Supreme Court Decides To Reduce FBAR Fine
The U.S. Supreme Court decided to throw out a $2.72 million fine on a Romanian-American businessman who failed to file Foreign Bank and Financial Accounts (FBAR) reports while living abroad. The taxpayer contended that the maximum penalty under federal law is $50,000. The IRS argued that the person violated the law 272 times, once for each account that was not reported in each of the five years. The Supreme Court held for the taxpayer, in a 5-4 vote, writing “that the failure to file a legally compliant report as one violation carrying a maximum penalty of $10,000, not a cascade of such penalties calculated on a per-account basis.”
Senate Democrats Push for Disclosure of Country-by-Country Tax Information
Senate Democrats reintroduced a bill that would force large multinational companies to reveal in their financial statements country-by-country information on business details that include profits, taxes and tangible assets. The bill’s disclosure requirements are expected to prevent companies from holding assets in low-tax jurisdictions. The bill came ahead of the Financial Accounting Standard Board’s proposal that will demand companies to disclose more tax details in the financial statements, including tax obligations by major jurisdictions.
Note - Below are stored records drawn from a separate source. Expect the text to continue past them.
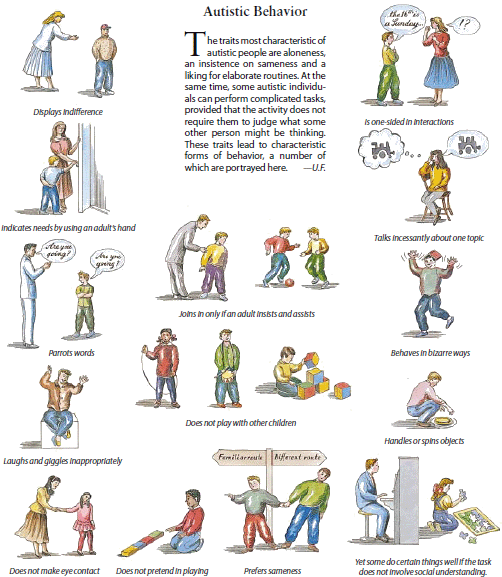 The Scientific Journals Autism (part 2)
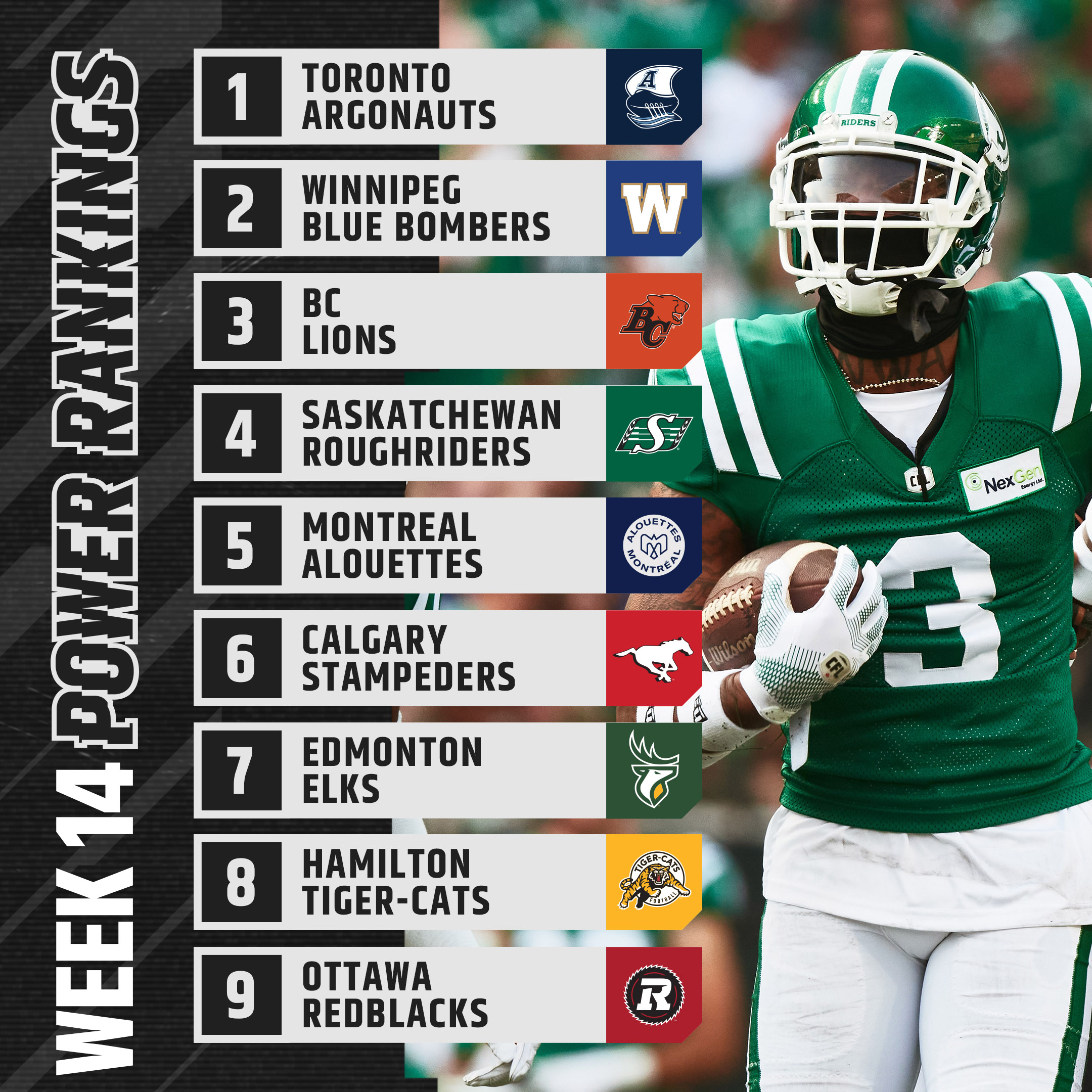 Cfl Football Standings 2023 Clearance Discount gbupresnenskij.ru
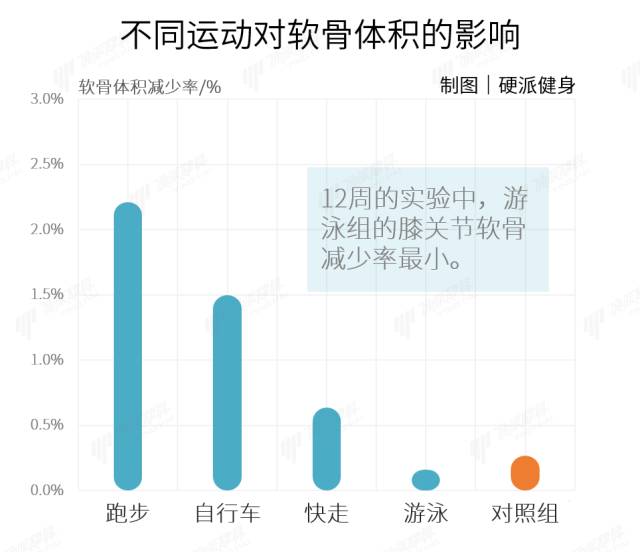 健身房有氧是什么_减脂健身房有氧运动_健身氧气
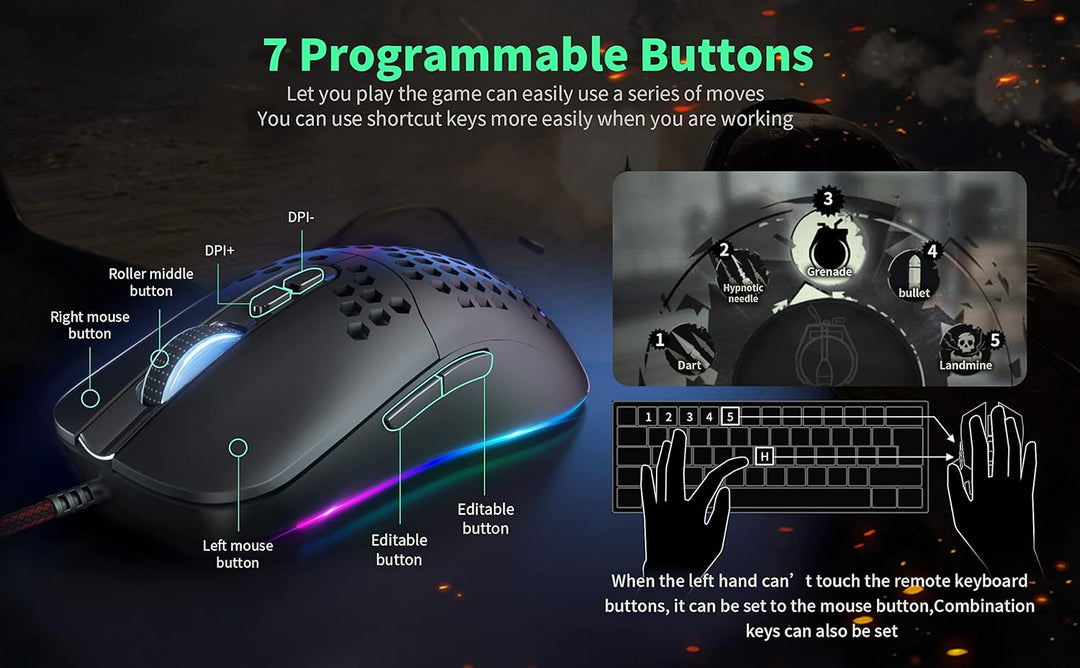 Gaming Maus 7200 DPI RGB Waben Design für PC Laptop C306, C306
Philadelphia DOR Issues FAQs About Tax Resolution Process
The Philadelphia Department of Revenue (DOR) issued frequently asked questions about the dispute resolution process of the Tax Review Board regarding tax assessments for property, corporate income, individual income, sales and use, excise and trust income tax purposes. The FAQs include the procedure for filing an appeal with the board. Also, the process after the appeal is filed and the procedure to follow if the taxpayer disagrees with the board’s decision is included.